RECORDED DATA:
· · · ·

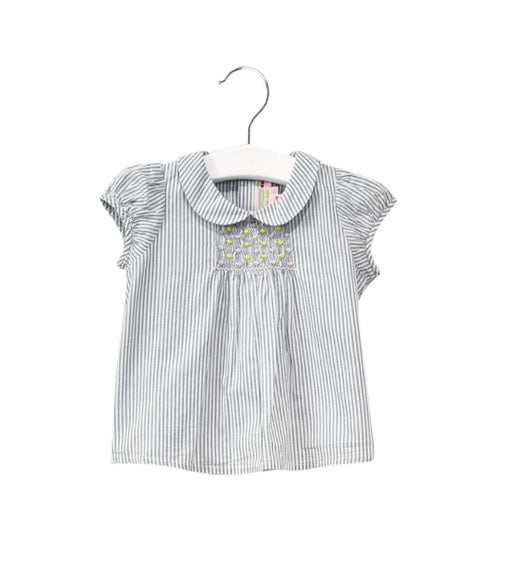 A Multicolour Short Sleeve Tops from Bonpoint in size 3-6M for girl. (Front View)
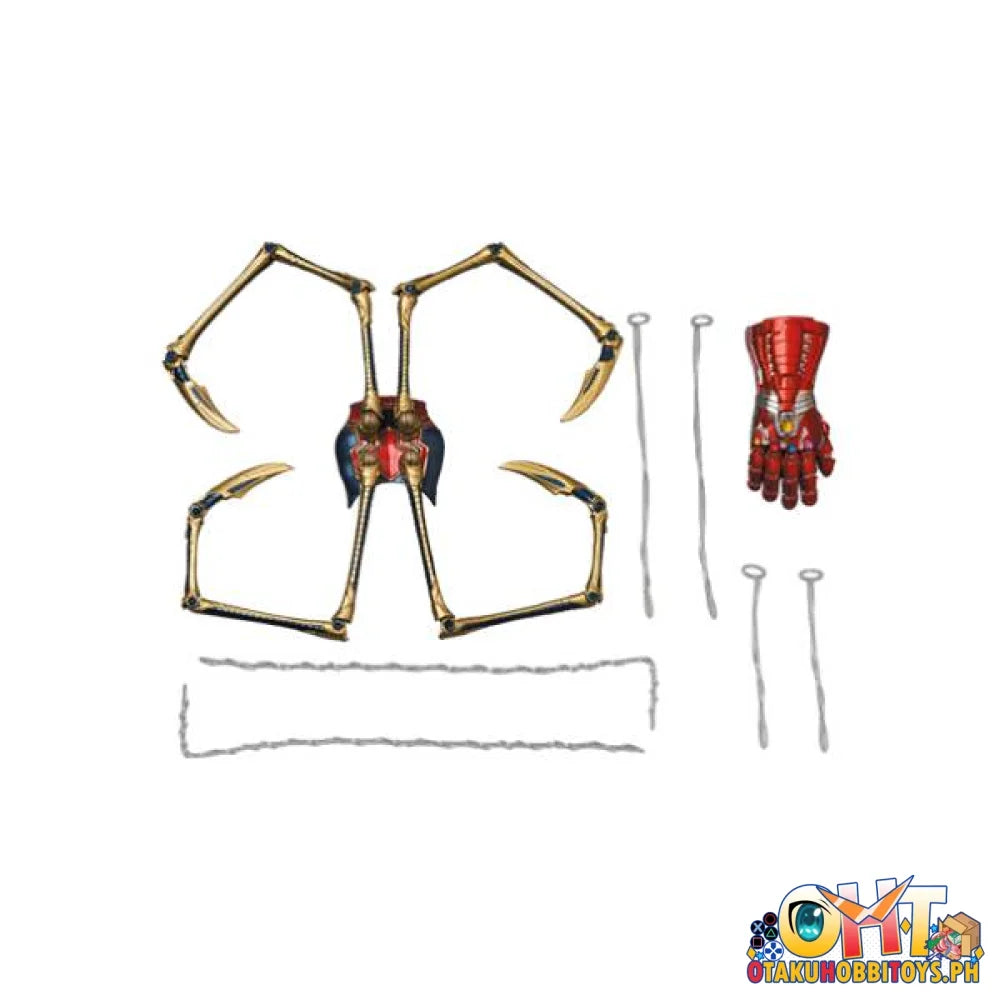 MEDICOM TOY Marvel MCU MAFEX Iron Spider (Endgame Ver.) Action Figure (Renewal Ver.) - Articulated Figure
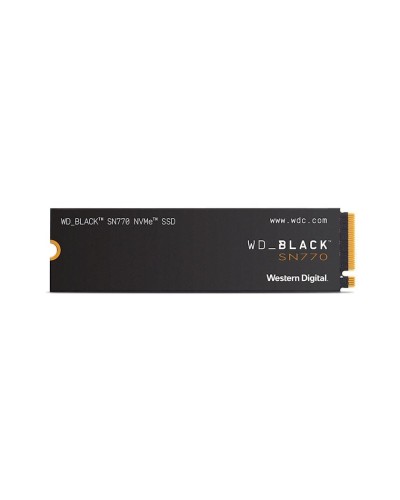 SSD yığıcı Western Digital 1TB SN770 NVMe M.2 Black (WDBBDL0010BNC-WRWM)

· · · ·

DESCRIPTION OF THE TASK:
Only the pictures are to be omitted; restate everything else above exactly.

REPLY:
 A Multicolour Short Sleeve Tops from Bonpoint in size 3-6M for girl. (Front View)
 MEDICOM TOY Marvel MCU MAFEX Iron Spider (Endgame Ver.) Action Figure (Renewal Ver.) - Articulated Figure
 SSD yığıcı Western Digital 1TB SN770 NVMe M.2 Black (WDBBDL0010BNC-WRWM)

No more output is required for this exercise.